From Shanghai With Style
Zankel Hall, Carnegie Hall
Maurice Ravel; Sonatine – Miroirs
Johannes Brahms: Intermezzi, Op. 117
Franz Liszt: Etudes No. 9 and 10, from Transcendental Etudes
Pyotr Ilyich Tchaikovsky: Polonaise from Eugene Onegin (Arranged by Franz Liszt)
Jue Wang (Pianist)
J. Wang (© Elena Torcida)
“Shanghai people” wrote Stella Dong in her eponymous classic of that city, “have always seen themselves as more stylish and, frankly, more theatrical than any other Chinese.” Jue Wang, the young Shanghai-born pianist making his New York debut last night, exemplifies that Shanghai flair.
With one exception, his choices were glittering, shining, glistening, and his performance matched his music. Thankfully, Mr. Wang does not have the physical flamboyance of the “old” Lang Lang. No hands thrown up in the air, no 19th Century-style leaning back and hunching forward to make his point. Instead, he showed his skills with physical concentration on the Steinway, and utter confidence.
And oh! What music he chose to demonstrate these skills, even if those skills were sometimes very personal. Few pianists can play all five Ravel Miroirs without a little sweat. Two Liszt Transcendental Etudes, a Liszt transcription and an encore of Prokofiev were each Augean stables of difficulties, but nothing seemed to faze this First Prize/Gold Medal winner of the Santander International Music Competition.
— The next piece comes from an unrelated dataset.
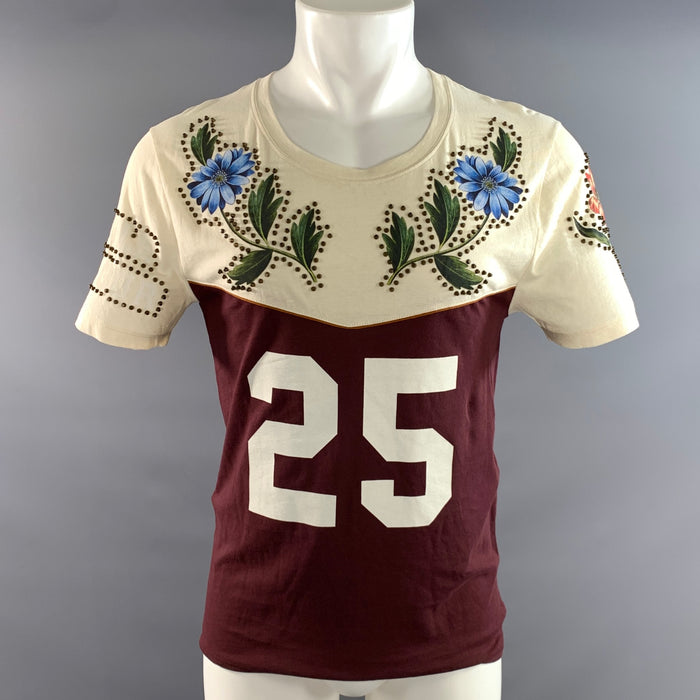 GUCCI Size XS Beige Burgundy Studded Cotton Crew Neck T shirt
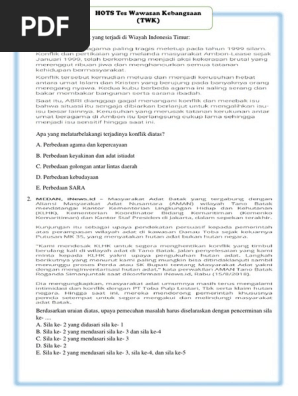 Soal Twk Hots Cpns 2020 Pdf Guru Paud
Not that his music lacked idiosyncrasies. Most should be praised. But one takes liberties with Ravel’s Sonatine at one’s peril. My score shows Ravel giving dynamic commands every four or five measures, and he was quite serious. The whole piece is constructed so carefully that Mr. Wang’s changes seemed impressive but out of place. His first movement started not “sweetly and expressively” but with dominating playing, almost ranging on the aggressive. Digitally he didn’t miss a trick, but expressively, something was lacking.
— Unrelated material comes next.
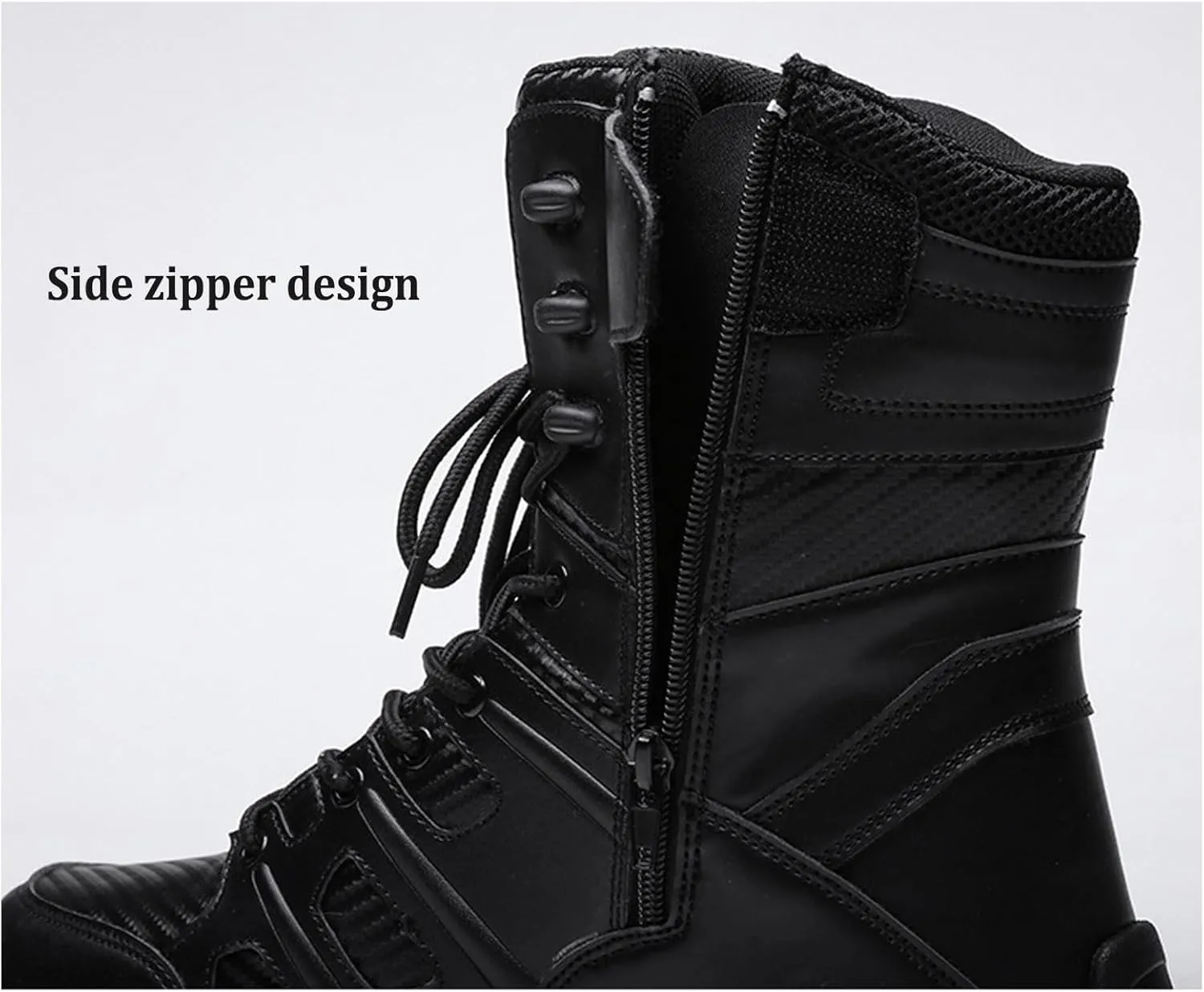 Tactical Boots Men Lightweight Work Boots Leather Military Combat Boots Side Zipper Motorcycle Hiking Boots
The central “Mouvement de Menuet” was again played perfectly, but I fear the prissy Maurice Ravel might have shied away from his jaunty walking pace. For this composer, the minuet was not to be trifled with, yet Mr. Wang didn’t seem to take this too seriously. For the final movement, Mr. Wang could let himself go all out, animated, delightful, ending with a truly spectacular loud arpeggio.
(Towards the middle of the piece, somebody’s cell phone rang and rang. For once I didn’t think obscene insults. In this case I thought, “Wouldn’t those rings be more appropriate during La Vallée des cloches?”)
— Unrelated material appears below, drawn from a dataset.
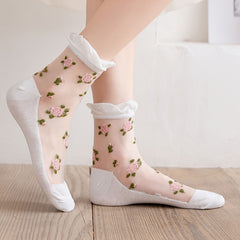 5 Pairs Floral Print Tulle Socks Lightweight & Breathable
In Miroirs, Mr. Wang spun out some beautiful paintings. I’m uncertain if he understood the dances of “Alborada del Gracioso”, but with glissandos like his, with double-octave runs which ran the gamut, who cared? Were his birds particularly sad? They sounded quite contented, and the beauty of Mr. Wang’s tone color was sufficient. Finally, “The Valley of Bells”, which I had heard with far more reverberations. Mr. Wang will soon find his own resonances.
Three Brahms Intermezzi were exactly that. From the breathless Miroirs to the breathless Liszt Etudes, this trio was an interlude. It was sedate, simple, and sometimes mundane. Perhaps it was the simplicity which paralyzed Mr. Wang. The actor Richard Burton in his later years, was a director’s dream in the film Brief Encounter. But in one “intermezzo” scene, where he was to order a cup of tea, Burton was unable to curb his exuberance, to utter the mundane. So expressive was he in take after take, that the tea-ordering moments were unusable for the movie.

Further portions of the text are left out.